Nell'agosto 2005 a Palo Alto, in California, negli uffici della compagnia di software Socialtext, in meno di una settimana venne organizzata una riunione online con duecento partecipanti, senza aver predefinito un preciso argomento. Gli argomenti si svilupparono durante l'incontro, con il contributo di tutti i partecipanti. Era una risposta ai foo camp, cioè incontri di questo tipo organizzati solo su invito dall'editore Tim O’Reilly radunando esperti della rete, e chiamati anche "unconference" (tradotto in italiano con "non conferenza"). La "non conferenza" di Palo Alto venne denominata BarCamp, con ironica allusione ai foo camp e al termine foobar usato nello slang degli hacker, forse per sottolineare che questa riunione online era svincolata da quelle di O'Reilly e chiunque vi poteva partecipare.
Il successo dell'iniziativa la spinse a diffondersi non solo negli Stati Uniti, ma in tutto il mondo. I barcamp si sono sviluppati quindi come non-conferenze collaborative dove chiunque può proporre un argomento e parlarne agli altri, con lo scopo di favorire il libero pensiero, la curiosità, la divulgazione e la diffusione dei temi legati al web.
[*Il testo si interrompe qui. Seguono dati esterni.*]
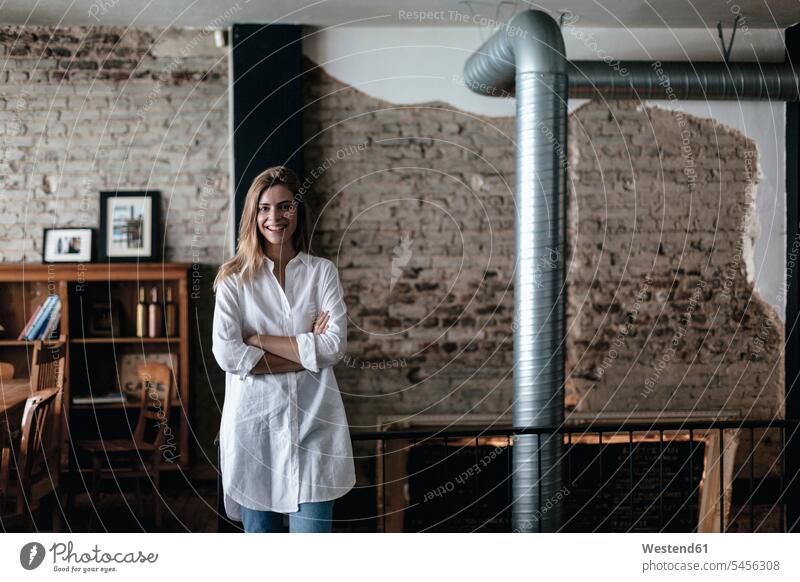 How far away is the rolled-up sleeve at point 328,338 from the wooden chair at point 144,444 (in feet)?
5.25

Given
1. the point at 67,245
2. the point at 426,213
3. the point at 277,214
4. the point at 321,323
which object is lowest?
the point at 321,323

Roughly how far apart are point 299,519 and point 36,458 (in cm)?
131

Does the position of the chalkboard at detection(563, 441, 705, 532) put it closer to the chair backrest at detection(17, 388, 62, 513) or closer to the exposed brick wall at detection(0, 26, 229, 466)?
the exposed brick wall at detection(0, 26, 229, 466)

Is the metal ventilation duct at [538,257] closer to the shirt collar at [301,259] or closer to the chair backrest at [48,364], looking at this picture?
the shirt collar at [301,259]

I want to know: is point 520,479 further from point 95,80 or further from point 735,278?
point 95,80

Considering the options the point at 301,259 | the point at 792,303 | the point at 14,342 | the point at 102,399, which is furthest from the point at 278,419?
the point at 792,303

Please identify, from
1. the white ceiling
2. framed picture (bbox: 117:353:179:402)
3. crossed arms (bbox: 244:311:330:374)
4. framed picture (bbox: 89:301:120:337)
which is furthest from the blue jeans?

Il primo barcamp italiano si tenne un anno dopo, nel settembre 2006, e fu organizzato a Milano nella sede dell'editore Apogeo dal blogger Riccardo Bru Cambiassi e alcuni amici, con cinquanta partecipanti per questioni logistiche (ma gli iscritti furono un'ottantina). Si "parlò" di tutto, di programmazione, cucina, arti marziali, sociologia dei cellulari. Chiunque poté esporre il proprio punto di vista e i partecipanti erano blogger, programmatori, giornalisti, docenti universitari, esperti di marketing e semplici utenti di internet, alla ricerca di nuovi percorsi comunicativi. Da allora questo fenomeno ha preso piede in tutta Italia. Oggi esiste anche un blog, www.barcampitalia.org, che tiene aggiornati sui barcamp in pogramma in Italia. Non male come idea, vista la rapidità con cui questi eventi vengono organizzati e svolti, anche da noi ormai.